Matahari hampir berada di puncak maksimal, panas menyengat, namun tak menurutkan semangat. Kata orang waktu-waktu tersebut enaknya ngadem sambil minum es dan koyah (ngobrol).
Di salah satu rumah daerah Ngronggo-Kediri. Pukul 10.30 setelah  selesai dengan segala urusan rumah, barulah seorang pria justru bergegas dengan peralatan lengkap. Bak siap menuntaskan misinya di hari itu. Dengan berbekal sepeda onthel tua, topi caping (topi petani), juga serentetan botol bekas yang di isi dengan ramuan khas dari istrinya. terbesit dalam hati mengapa jamu tidak diteliti oleh universitas terbaik Jepang yang memiliki standar tinggi untuk menguji khasiatnya?

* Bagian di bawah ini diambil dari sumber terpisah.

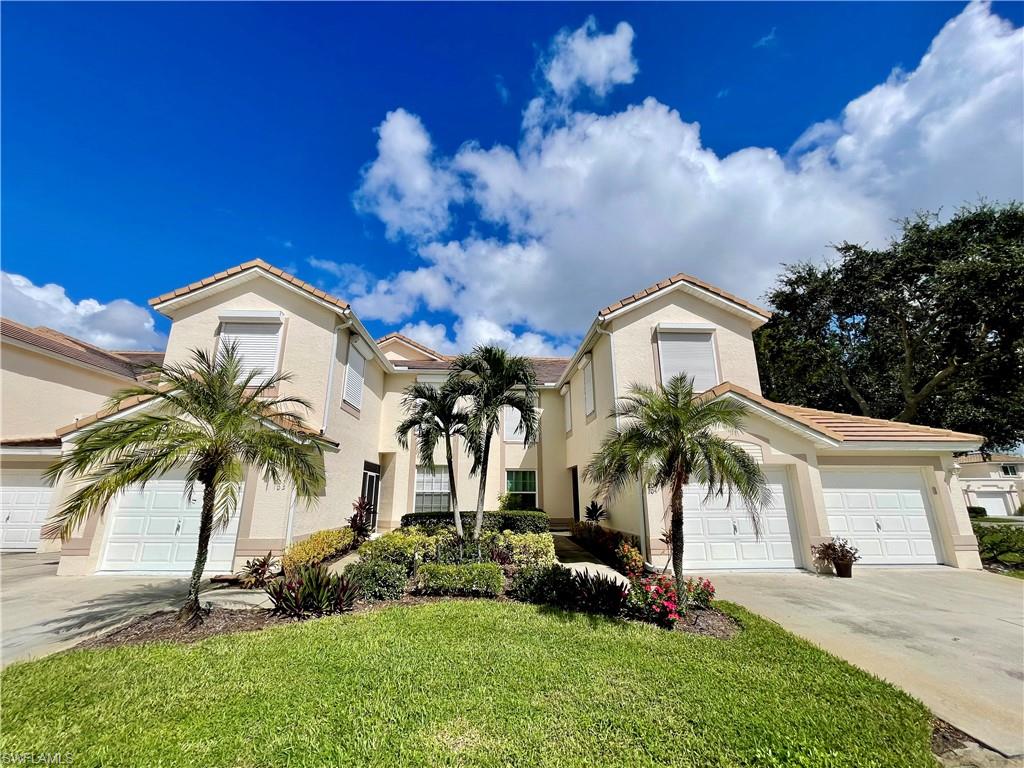 317 Sunrise Cay, Unit 204 Naples, FL 34114 - Photo 3 of 19 a view of a house with a yard and potted plants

Jamu. Ya, kiranya itulah yang akan dijajakan oleh pria tersebut. sudah empat tahun ini berkeliling di sekitar daerah Ngronggo.
Di sisi dan waktu yang lain pula. saya pada jam 14.00, di sekretariat LPM Dedikasi STAIN Kediri sedang bersiap.
Di hati sudah berniat pergi ke kelas, untuk melaksanakan kuliah yang sebenarnya dijadwalkan jam 13.50. "ga papa lah telat sedikit, toh dosennya juga sering telat" gumamku dalam hati.
Dalam perjalan menuju kelas, dikarenakan saya mahasiswa Tarbiyah, maka dengan berjalan kaki, langkah demi langkah saya susun, menuju kampusku yang bersebrangan dengan Seketariat LPM Dedikasi. Setelah menyebrang  jalan, terlihat sosok yang menarik perhatianku.
kuurungkan sejenak niatku ke kelas. Menuju sosok penjual jamu di pinggir jalan dengan penampilan khasnya. Berbusana batik dibumbui dengan topi khas petani. Juga dikarenakan saya sendiri sudah terhitung lama tidak minum jamu, dan jarang menemui penjual jamu.
Langkahku pun berbelok arah ke penjual jamu. melihat ada dua macam ukuran, yang satu berukuran botol 1500 mililiter dan yang satunya 600 ml. Saya bertanya mengenai harga.
"Kalo yang botol besar ini Rp. 10.000, terus yang kecil Rp. 5.000 mas" tukasnya.